- VCD cover
- Directed by: Nagaraj
- Written by: Nagaraj
- Produced by: R. Lavanya
- Starring: Murali Suvalakshmi
- Cinematography: Abdul Rahman
- Edited by: K. Palanivel
- Music by: Oviyan
- Production company: Mother Movie Makers
- Release date: 14 February 1998;
- Country: India
- Language: Tamil

= Dhinamdhorum =

Dhinamdhorum is a 1998 Indian Tamil-language romantic drama film written and directed by Nagaraj in his debut. The film stars Murali and Suvalakshmi.
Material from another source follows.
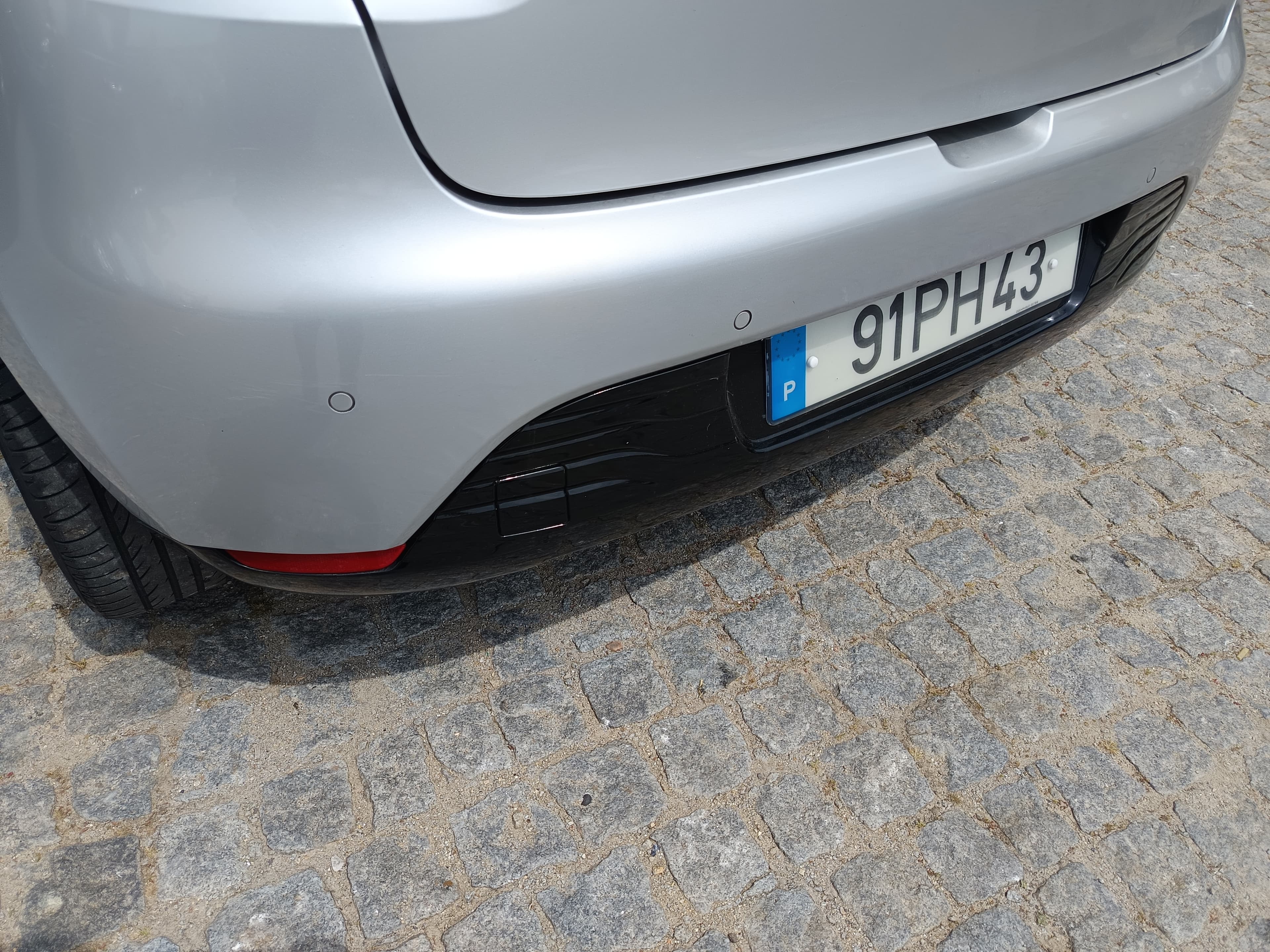 Renault Clio · Ano 2014 — imagem 11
It was released on 14 February 1998. The film was remade in Telugu as Manasichi Choodu.

== Soundtrack ==
Soundtrack was composed by Oviyan.

Track listing
| No. | Title | Singer(s) | Length |
|---|---|---|---|
| 1. | "Devadhai" | Mano, Chorus |  |
| 2. | "En Vanam Needhana" | S. P. Balasubrahmanyam, Shenoy Balesh |  |
| 3. | "Nenjathil" | P. Unnikrishnan, Anuradha Sriram |  |
| 4. | "O Kannukkul" | Unnikrishnan, Swarnalatha |  |
| 5. | "Pattadhari" | Shiva, Febi Mani |  |
| 6. | "Pesathae" | Oviyan |  |
| 7. | "Pookkal Malaruthu" | Gopal Sharma, Febi Mani |  |

== Release and reception ==
Dhinamdhorum was released on 14 February 1998. A critic from Dinakaran noted "this is one of the very rare and good films among recent releases in Tamil". D. S. Ramanujam of The Hindu wrote, "Nagaraj, with his biting, down-to-earth dialogue, is bound to earn the encomiums of the viewers [...] Here the director is the fast-talking, trouble-shooting friend of the hero and his screenplay, based on his story, has appreciable narrative values". He also appreciated the cinematography.

== Legacy ==
The success of the film prompted the director to add Dhinamdhorum as a prefix to his industry name. Despite the strong performance of the film, Nagaraj found it difficult to establish his career as a director and several of his later films including Vinnai Thoduvom, with the same cast, during 1998 were cancelled.